◆ **The problem**: Write every line below out again exactly, images omitted.

--- Available data ---

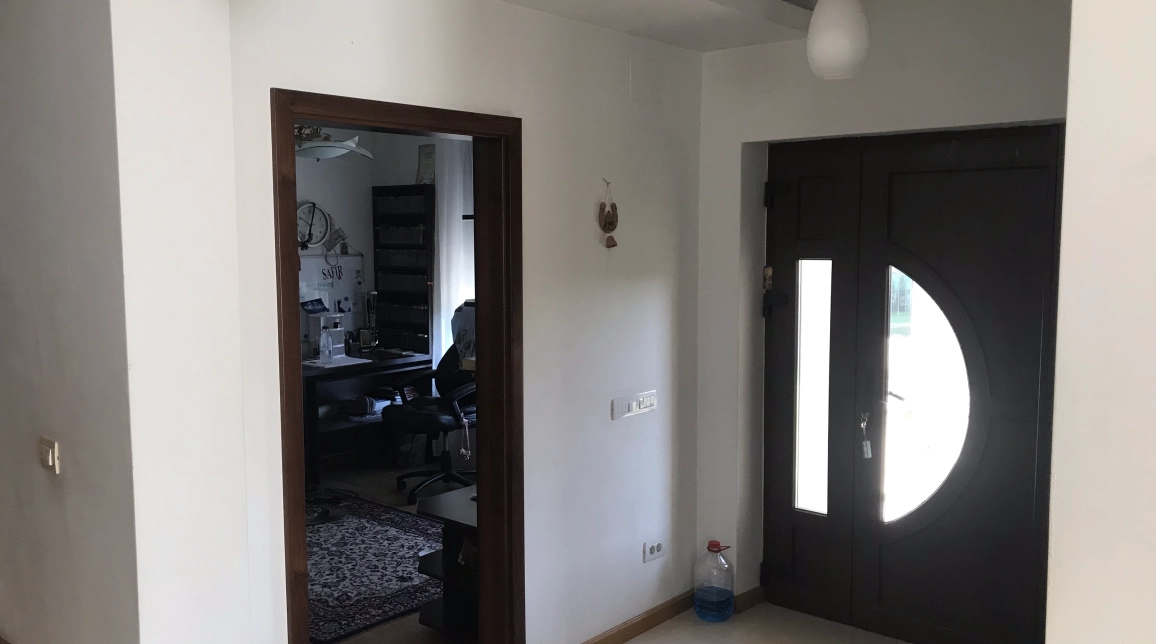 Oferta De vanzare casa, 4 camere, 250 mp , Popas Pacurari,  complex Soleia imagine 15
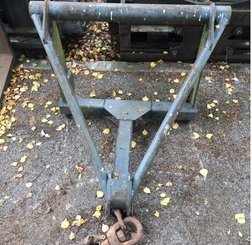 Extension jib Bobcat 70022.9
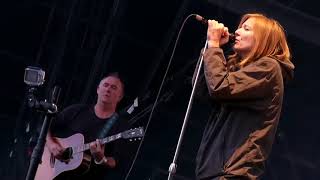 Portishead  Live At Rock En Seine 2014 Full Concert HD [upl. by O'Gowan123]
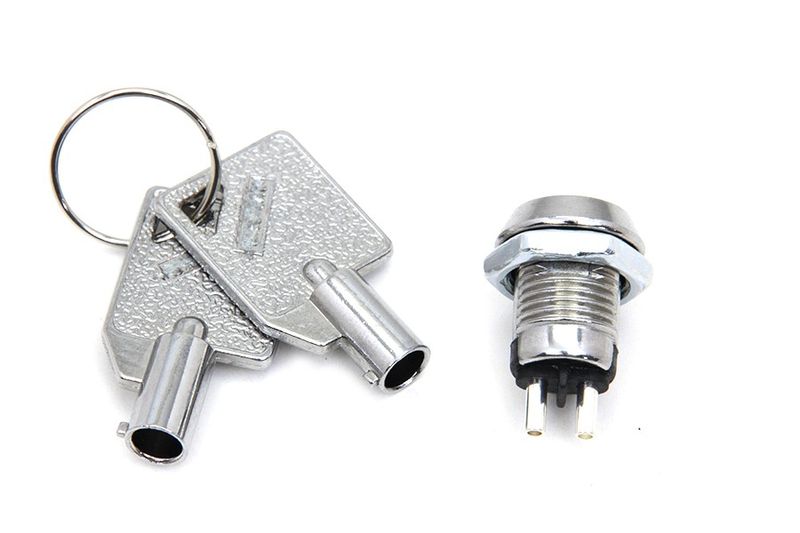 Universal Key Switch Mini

---

◆ **Answer to this task**:
 Oferta De vanzare casa, 4 camere, 250 mp , Popas Pacurari,  complex Soleia imagine 15
 Extension jib Bobcat 70022.9
 Portishead  Live At Rock En Seine 2014 Full Concert HD [upl. by O'Gowan123]
 Universal Key Switch Mini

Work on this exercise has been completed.